And Conte was a blur of perpetual motion again on the Stamford Bridge sidelines in the 2-1 win against Spurs on Saturday - but the top coaches never lose control and the Italian knows there is a time and a place to keep a lid on the emotions.
Conte was involved in a long and heated exchange with fourth official Bobby Madley when an apparent handball by Harry Kane was not spotted in the second half. It ended with an outstretched hand of understanding that was graciously reciprocated by Madley.
He was also visibly desperate to inject more urgency into Chelsea as they were outplayed by Spurs for 44 minutes until Pedro's equaliser was the catalyst for a complete momentum shift.

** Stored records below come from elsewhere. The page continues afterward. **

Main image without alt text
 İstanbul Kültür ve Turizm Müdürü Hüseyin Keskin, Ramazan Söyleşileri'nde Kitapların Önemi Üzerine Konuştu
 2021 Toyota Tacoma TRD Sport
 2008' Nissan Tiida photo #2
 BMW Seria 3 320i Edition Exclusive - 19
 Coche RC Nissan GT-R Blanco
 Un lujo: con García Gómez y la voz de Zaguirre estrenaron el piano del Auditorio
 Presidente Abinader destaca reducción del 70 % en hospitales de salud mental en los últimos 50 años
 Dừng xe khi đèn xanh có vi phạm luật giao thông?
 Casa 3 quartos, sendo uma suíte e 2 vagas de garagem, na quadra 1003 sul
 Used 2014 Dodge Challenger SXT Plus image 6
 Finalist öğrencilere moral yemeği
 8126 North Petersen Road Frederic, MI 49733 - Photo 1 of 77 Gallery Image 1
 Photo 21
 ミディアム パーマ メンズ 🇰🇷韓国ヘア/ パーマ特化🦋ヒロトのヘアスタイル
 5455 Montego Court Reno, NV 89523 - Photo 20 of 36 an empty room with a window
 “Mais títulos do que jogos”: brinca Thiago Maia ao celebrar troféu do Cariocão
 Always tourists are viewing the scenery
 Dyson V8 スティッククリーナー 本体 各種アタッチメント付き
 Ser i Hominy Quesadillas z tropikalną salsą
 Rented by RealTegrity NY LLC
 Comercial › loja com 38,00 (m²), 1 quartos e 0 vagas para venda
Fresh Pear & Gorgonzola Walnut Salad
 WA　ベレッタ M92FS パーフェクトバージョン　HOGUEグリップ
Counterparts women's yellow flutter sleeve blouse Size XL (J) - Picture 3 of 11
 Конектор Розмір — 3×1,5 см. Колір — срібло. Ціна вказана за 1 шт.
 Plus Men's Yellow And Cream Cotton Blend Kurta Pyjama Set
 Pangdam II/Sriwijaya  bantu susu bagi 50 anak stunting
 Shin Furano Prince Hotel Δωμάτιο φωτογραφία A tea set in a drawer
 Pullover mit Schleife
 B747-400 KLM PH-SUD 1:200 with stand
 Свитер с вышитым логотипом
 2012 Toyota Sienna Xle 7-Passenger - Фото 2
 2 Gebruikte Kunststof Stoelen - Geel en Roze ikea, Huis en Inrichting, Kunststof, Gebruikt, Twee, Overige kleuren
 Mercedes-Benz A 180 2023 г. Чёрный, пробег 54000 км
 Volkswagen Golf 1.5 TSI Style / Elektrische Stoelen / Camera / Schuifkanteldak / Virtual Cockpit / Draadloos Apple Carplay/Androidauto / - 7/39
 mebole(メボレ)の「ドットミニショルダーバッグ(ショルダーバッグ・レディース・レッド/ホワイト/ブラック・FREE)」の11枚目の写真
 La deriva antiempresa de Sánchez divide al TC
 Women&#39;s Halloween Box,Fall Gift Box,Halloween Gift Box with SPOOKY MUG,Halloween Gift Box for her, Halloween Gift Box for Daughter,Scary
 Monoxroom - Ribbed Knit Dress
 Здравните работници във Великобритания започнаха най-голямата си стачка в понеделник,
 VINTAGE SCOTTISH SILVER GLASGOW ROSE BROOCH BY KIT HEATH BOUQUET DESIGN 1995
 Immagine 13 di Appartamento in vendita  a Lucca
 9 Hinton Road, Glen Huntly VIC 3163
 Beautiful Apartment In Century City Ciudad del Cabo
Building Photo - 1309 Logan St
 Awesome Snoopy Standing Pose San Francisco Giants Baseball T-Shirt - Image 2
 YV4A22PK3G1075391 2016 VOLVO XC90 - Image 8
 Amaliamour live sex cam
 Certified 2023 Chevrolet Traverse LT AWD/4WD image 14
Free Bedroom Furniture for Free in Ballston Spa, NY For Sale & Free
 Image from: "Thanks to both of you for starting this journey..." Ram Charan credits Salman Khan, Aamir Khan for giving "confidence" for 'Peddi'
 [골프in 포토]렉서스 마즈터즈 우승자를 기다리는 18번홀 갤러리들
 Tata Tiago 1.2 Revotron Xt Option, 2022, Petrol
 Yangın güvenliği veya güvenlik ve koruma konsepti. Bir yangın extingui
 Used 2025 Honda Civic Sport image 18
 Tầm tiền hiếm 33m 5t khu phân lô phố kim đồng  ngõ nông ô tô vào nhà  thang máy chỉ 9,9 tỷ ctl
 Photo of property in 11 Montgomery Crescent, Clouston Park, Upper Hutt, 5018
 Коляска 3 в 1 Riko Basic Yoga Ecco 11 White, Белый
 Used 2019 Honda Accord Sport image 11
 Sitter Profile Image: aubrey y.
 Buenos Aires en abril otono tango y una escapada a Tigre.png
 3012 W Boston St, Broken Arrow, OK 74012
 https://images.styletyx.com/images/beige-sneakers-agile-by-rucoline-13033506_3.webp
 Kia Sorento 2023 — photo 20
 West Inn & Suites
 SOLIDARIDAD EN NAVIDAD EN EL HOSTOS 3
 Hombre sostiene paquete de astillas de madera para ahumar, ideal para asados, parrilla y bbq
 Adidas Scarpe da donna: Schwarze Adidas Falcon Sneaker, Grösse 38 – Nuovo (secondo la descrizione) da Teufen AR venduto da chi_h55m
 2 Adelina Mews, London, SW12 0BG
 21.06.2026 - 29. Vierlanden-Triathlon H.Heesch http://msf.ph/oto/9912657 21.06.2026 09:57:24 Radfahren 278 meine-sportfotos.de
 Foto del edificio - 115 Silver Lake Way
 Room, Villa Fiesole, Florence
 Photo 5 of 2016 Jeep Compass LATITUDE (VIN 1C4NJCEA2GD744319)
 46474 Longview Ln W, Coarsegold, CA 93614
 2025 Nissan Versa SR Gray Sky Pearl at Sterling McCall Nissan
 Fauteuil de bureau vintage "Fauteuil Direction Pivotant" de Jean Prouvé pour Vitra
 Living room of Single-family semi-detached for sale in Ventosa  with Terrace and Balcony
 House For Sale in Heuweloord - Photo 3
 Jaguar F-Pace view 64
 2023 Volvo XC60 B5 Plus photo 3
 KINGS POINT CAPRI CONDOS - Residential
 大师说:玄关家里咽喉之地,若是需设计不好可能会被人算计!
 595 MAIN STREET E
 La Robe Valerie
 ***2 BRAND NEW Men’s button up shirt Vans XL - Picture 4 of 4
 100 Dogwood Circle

It was a drama played out with maximum animation as his voice could be heard above the crowd. And the body language - occasionally leaping up and down on the spot - making him look like he was auditioning for Riverdance.
There is, however, substance to back up his frenzied technical area style. Conte's half-time messages, bolstered by the equaliser, were clearly received and understood by Chelsea's players as they carried out his instructions to put pressure on Spurs and play at the higher tempo that suits them.
He is transmitting his desire to Chelsea's players, with goalkeeper Thibaut Courtois saying after the Spurs win: "He's passionate like that every day, every session and that's great for us because it keeps us focused and sharp."
It has also roused Stamford Bridge, with Chelsea's fans warming to Conte and chanting his name constantly on Saturday night.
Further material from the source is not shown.